Can a dural arteriovenous fistula (dAVF) cause a relative afferent pupillary defect (RAPD)?

From the Guidelines

Yes, a dural arteriovenous fistula (dAVF) can cause a relative afferent pupillary defect (RAPD). This occurs when the dAVF affects the blood supply to the optic nerve or causes increased pressure within the eye. A dAVF is an abnormal connection between arteries and veins within the dura mater covering the brain, which can lead to altered blood flow patterns. When a dAVF occurs near the optic pathways, it can compromise blood flow to the optic nerve through various mechanisms including venous hypertension, arterial steal phenomenon, or direct compression. The resulting optic nerve dysfunction manifests as a RAPD, where the affected pupil constricts less vigorously when light is shined into it compared to the unaffected eye. This pupillary response abnormality indicates asymmetric optic nerve function and is an important clinical sign that may help localize the pathology. Patients with dAVF-related RAPD may also experience other visual symptoms such as decreased visual acuity, visual field defects, or pulsatile tinnitus. Prompt neuroimaging with MRI/MRA or cerebral angiography is essential for diagnosis, as early intervention through endovascular embolization or surgical treatment of the dAVF can prevent permanent visual loss, as noted in studies such as 1.

Key Points to Consider

• A dAVF can cause RAPD by affecting the blood supply to the optic nerve or increasing pressure within the eye.
• The presence of a large RAPD should warrant a search for compressive optic neuropathy or other etiologies of visual impairment, as stated in 1.
• Pupillary evaluation in infants and children may be challenging due to frequent shifts in the patient’s fixation and focusing, as mentioned in 1.
• Early intervention through endovascular embolization or surgical treatment of the dAVF can prevent permanent visual loss, highlighting the importance of prompt diagnosis and treatment.

Diagnostic Approach

• Neuroimaging with MRI/MRA or cerebral angiography is essential for diagnosis.
• A comprehensive eye examination, including assessment of pupillary responses, visual acuity, and visual fields, is crucial in evaluating patients with suspected dAVF-related RAPD, as outlined in 1.

Treatment Options

• Endovascular embolization or surgical treatment of the dAVF can prevent permanent visual loss.
• The choice of treatment depends on the location and characteristics of the dAVF, as well as the patient's overall health status, as discussed in 1.

From the Research

Dural Arteriovenous Fistula and Relative Afferent Pupillary Defect (RAPD)

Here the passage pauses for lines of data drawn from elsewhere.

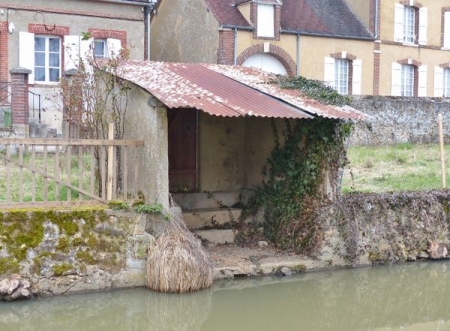 Mézilles dans l'Yonne-lavoir 3 par Micheline et Paul
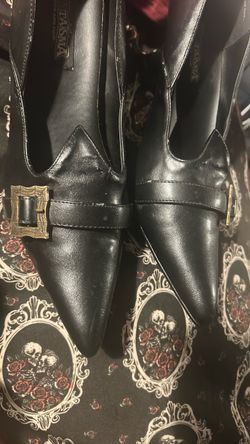 Witchy/ Gothic heels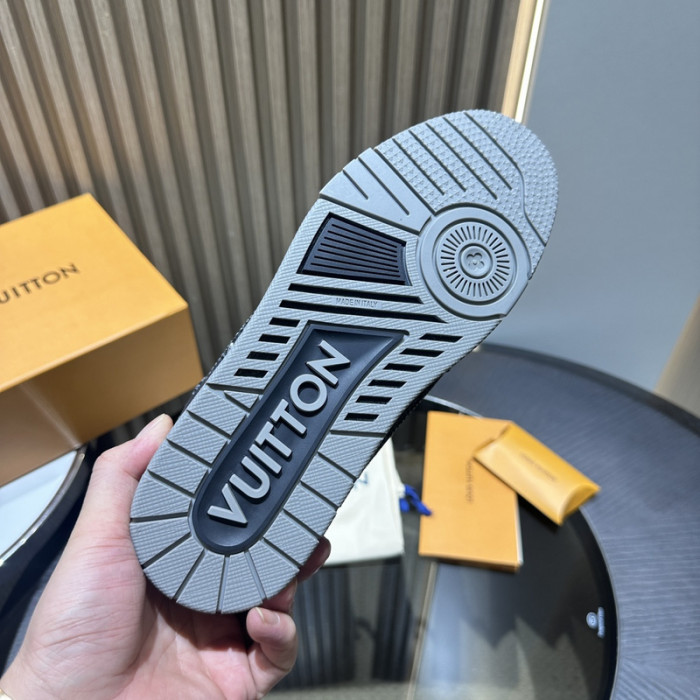 L0VT SNEAKER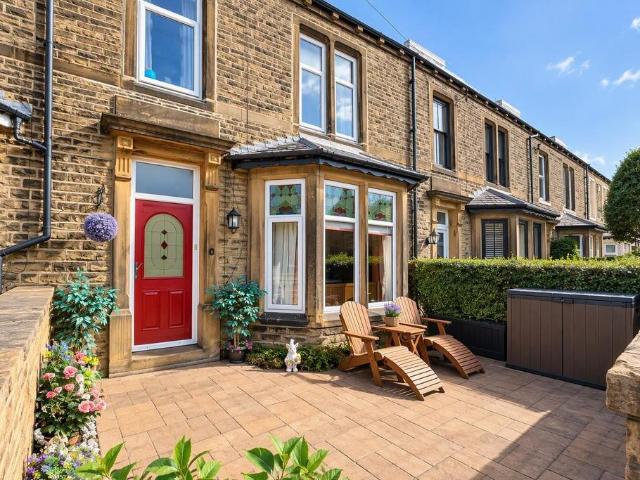 House for sale in Skircoat Green, Calderdale
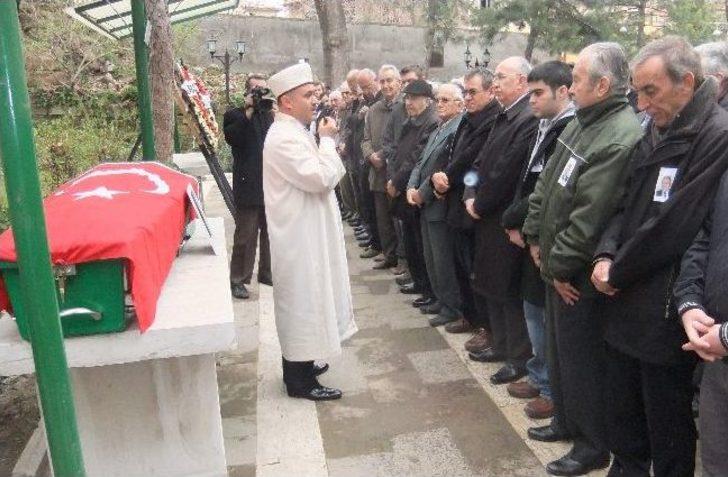 Oktay Aslanapa Son Yolculuğuna Uğurlandı G2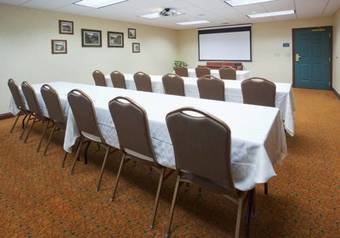 Hotel Country Inn & Suites Marinette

• A dural arteriovenous fistula (dAVF) is a vascular lesion with arteriovenous shunting that may cause various symptoms, including ocular symptoms such as proptosis and chemosis 2.
• The clinical characteristics of dAVFs can vary depending on the location and venous drainage pattern, with some patients experiencing more aggressive symptoms, including intracranial hemorrhage 2.
• While the studies reviewed do not directly address the relationship between dAVF and RAPD, they do suggest that dAVFs can cause a range of ocular symptoms, including vision loss and blindness 3, 2.
• In particular, one study noted that two patients with cavernous dAVFs became blind in one eye, demonstrating that the clinical course of dAVFs can be aggressive 2.
• Another study reported a minor complication of blurry vision attributed to posterior ischemic optic neuropathy after trans-ophthalmic artery embolization of a dAVF 3.
• These findings suggest that dAVFs can potentially cause RAPD, although the exact relationship between the two conditions is not explicitly stated in the reviewed studies 3, 2, 4.

Mechanism of RAPD in dAVF

• The mechanism of RAPD in dAVF is not clearly understood, but it may be related to the abnormal blood flow and venous drainage patterns associated with dAVFs 5, 6.
• The presence of cortical venous drainage and venous ectasia can contribute to the aggressiveness of the clinical course in dAVFs, and may potentially lead to RAPD 5, 2.
• Further studies are needed to fully understand the relationship between dAVF and RAPD, and to determine the optimal treatment approaches for patients with these conditions 3, 4.